Goose With Potato Stuffing Recipe
Goose With Potato Stuffing has a Sole taste.The Eggs and Pork gives the Goose With Potato Stuffing Stimulating taste.
Ingredients
1 (8 to 9 pound) young goose, thawed if frozen potato stuffing
3 medium potatoes (approximately 1 pound), peeled
1 1/2 teaspoons salt
1/4 pound lean salt pork, diced
1/4 cup finely chopped onion
1/4 pound bulk sausage
1/4 cup butter or margarine
1 egg
1/2 teaspoon pepper
1 teaspoon crumbled sage leaves
Directions
Remove giblets from goose; wash well.
Pat dry with paper towels.
Salt lightly inside and out; set aside while rnaking stuffing.
Place potatoes in medium saucepan; cover with cold water.
Add 1/2 teaspoon salt; bring to boil over moderate heat.
Cover; cook on low 20 to 30 minutes or until tender.
Drain; place tea towel over pan.
Steam gently a few minutes.
Meanwhile, cook salt pork in heavy skillet over moderate heat until lightly browned.
Remove with slotted spoon; reserve.
Add onion to skillet; cook until tender.
Remove with slotted spoon; add to salt pork.
Add sausage to skillet; cook until lightly browned, breaking into small chunks as sausage cooks.
Remove with slotted spoon; add to salt-pork mixture.
Put potatoes through ricer or food mill or mash with potato masher.
Combine salt-pork mixture, potatoes, and remaining stuffing ingredients; mix well.
Allow to cool.
Stuff goose with potato mixture; truss bird.
Place in open roasting pan, breast-side-up, on rack or trivet.
Prick well on legs and wing joints to release fat.
Roast in preheated 325 °F oven 2 to 2 1/2 hours, until leg joint moves easily.
Let stand 15 to 20 minutes before carving.
Pat dry with paper towels.
Salt lightly inside and out; set aside while rnaking stuffing.
Place potatoes in medium saucepan; cover with cold water.
Add 1/2 teaspoon salt; bring to boil over moderate heat.
Cover; cook on low 20 to 30 minutes or until tender.
Drain; place tea towel over pan.
Steam gently a few minutes.
Meanwhile, cook salt pork in heavy skillet over moderate heat until lightly browned.

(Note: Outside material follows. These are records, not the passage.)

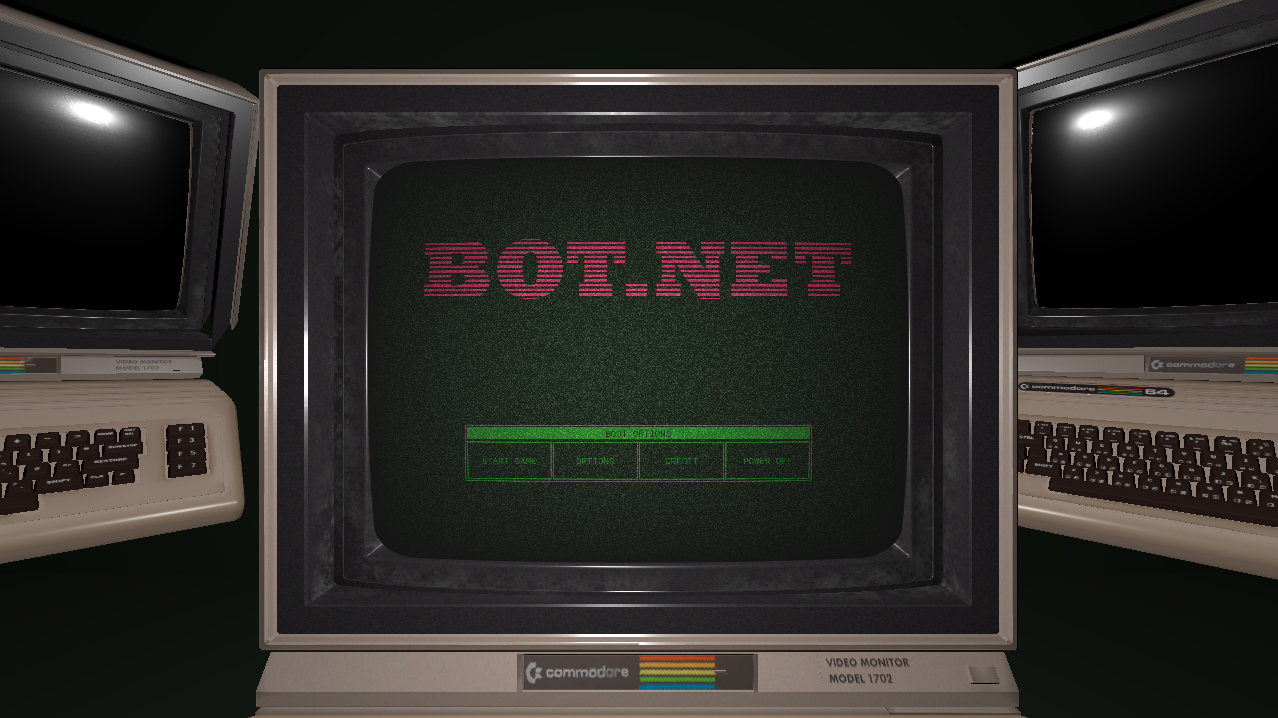 Games like B0T.NET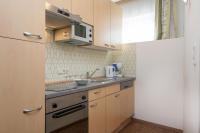 A kitchen or kitchenette at Kaiser-Franz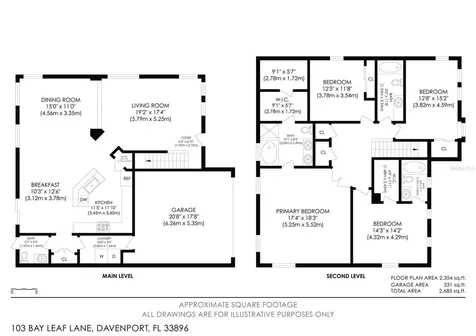 103 Bay Leaf Lane Davenport FL 33896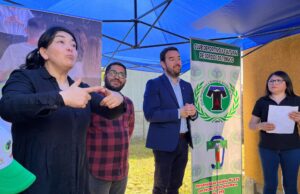 Miembros del Club Deportivo y Cultural de Sordos de Temuco inician capacitación en conducción gracias al Gobierno Regional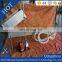 Portable highbanker gold recovery equipment gold sluice box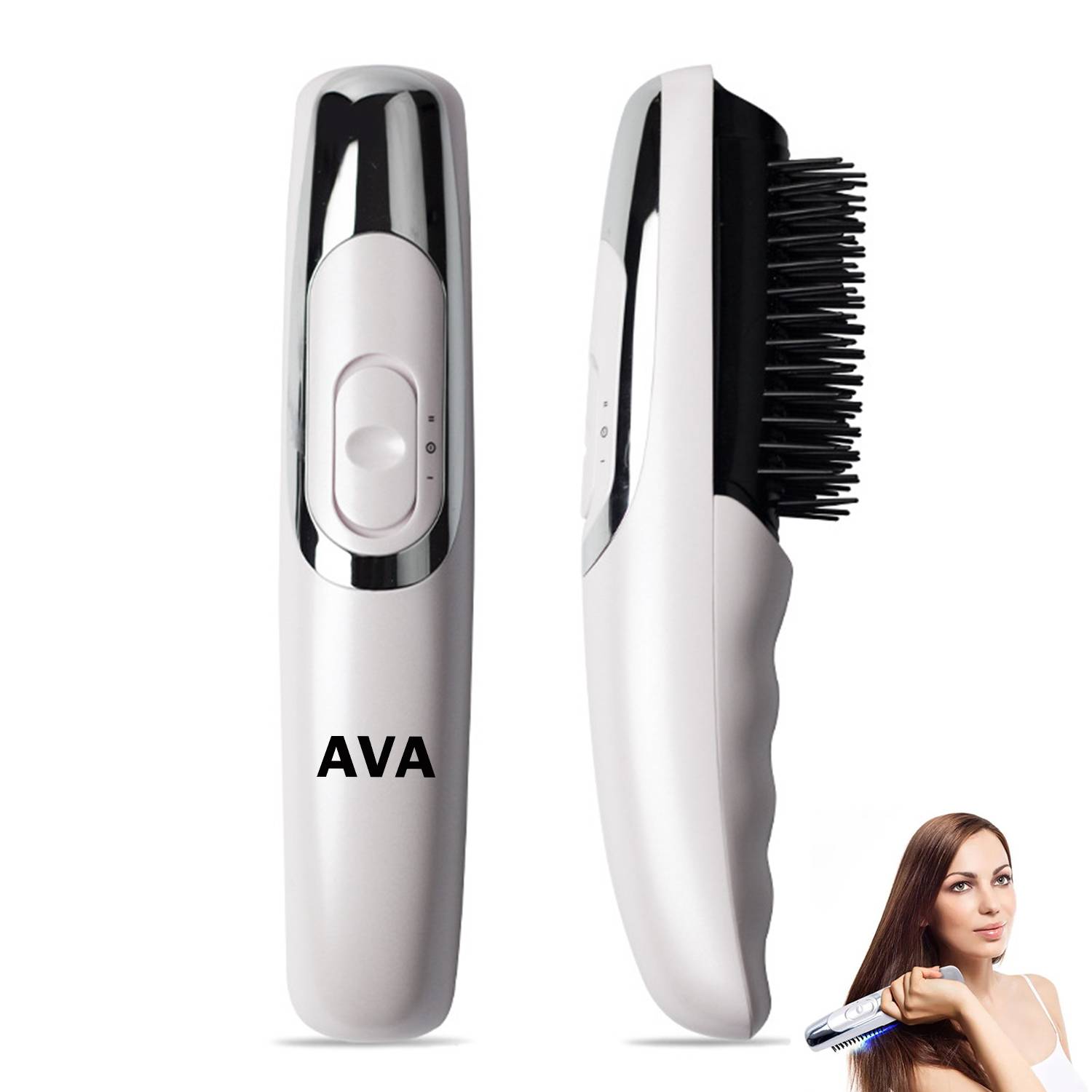 Electric Hair Massage Comb 3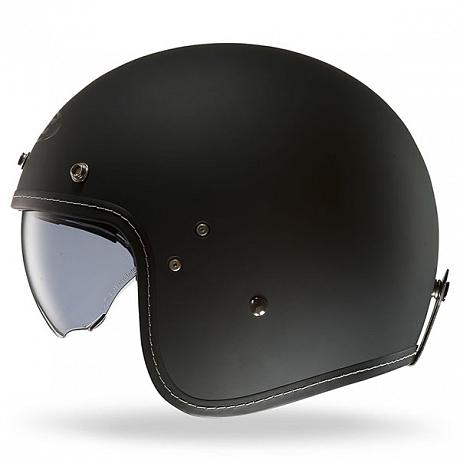 Шлем открытый HJC FG-70S Black Matt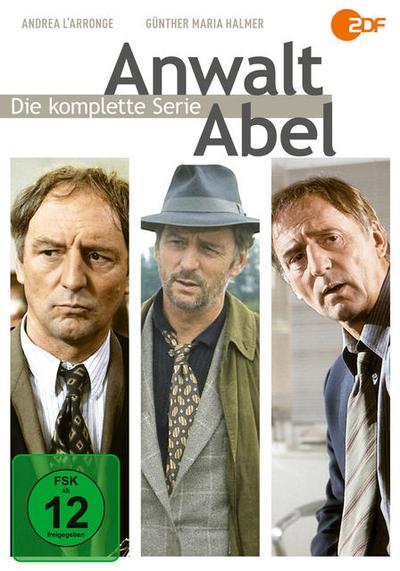 Anwalt Abel - Die komplette Serie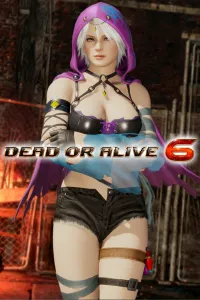 Костюм «Вечеринка ведьм» DOA6 — Кристи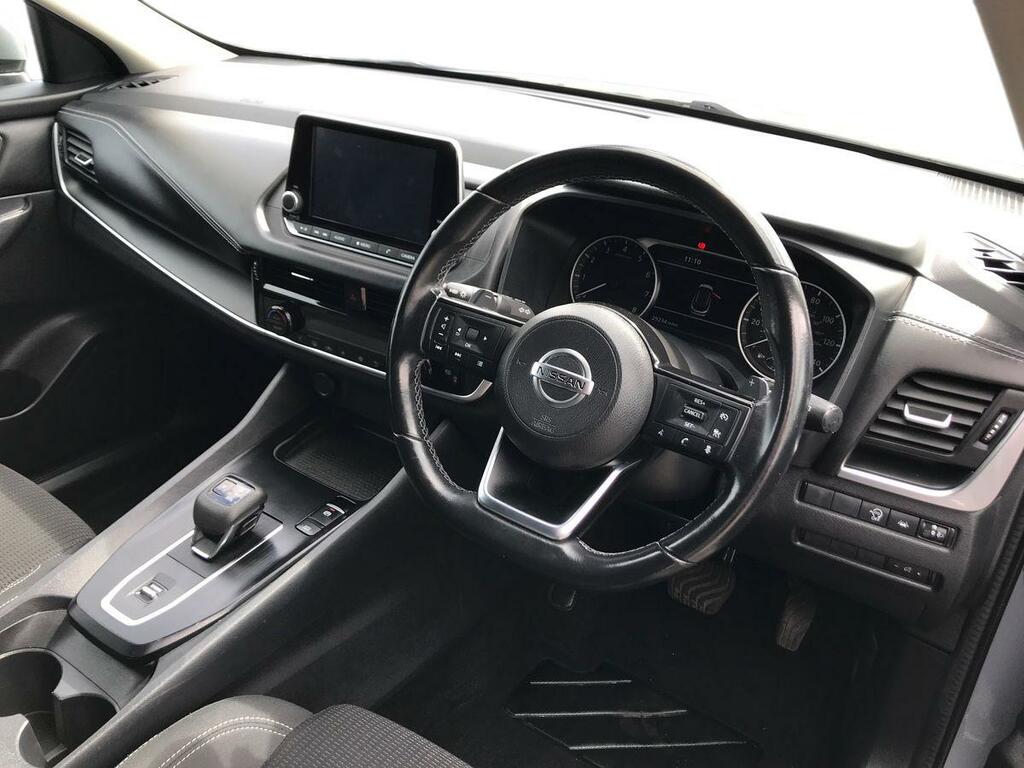 Nissan Qashqai 1.3 Dig-t Mh 158 Acenta Premium Xtronic VGZ7487 Grey #3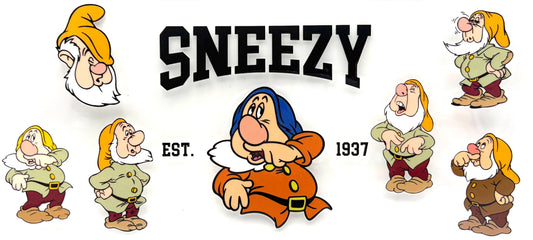 Sneezy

Remove with slotted spoon; reserve.
Add onion to skillet; cook until tender.
Remove with slotted spoon; add to salt pork.
Add sausage to skillet; cook until lightly browned, breaking into small chunks as sausage cooks.
Remove with slotted spoon; add to salt-pork mixture.
Put potatoes through ricer or food mill or mash with potato masher.
Combine salt-pork mixture, potatoes, and remaining stuffing ingredients; mix well.
Allow to cool.
Stuff goose with potato mixture; truss bird.
Place in open roasting pan, breast-side-up, on rack or trivet.
Prick well on legs and wing joints to release fat.
Roast in preheated 325 °F oven 2 to 2 1/2 hours, until leg joint moves easily.
Let stand 15 to 20 minutes before carving.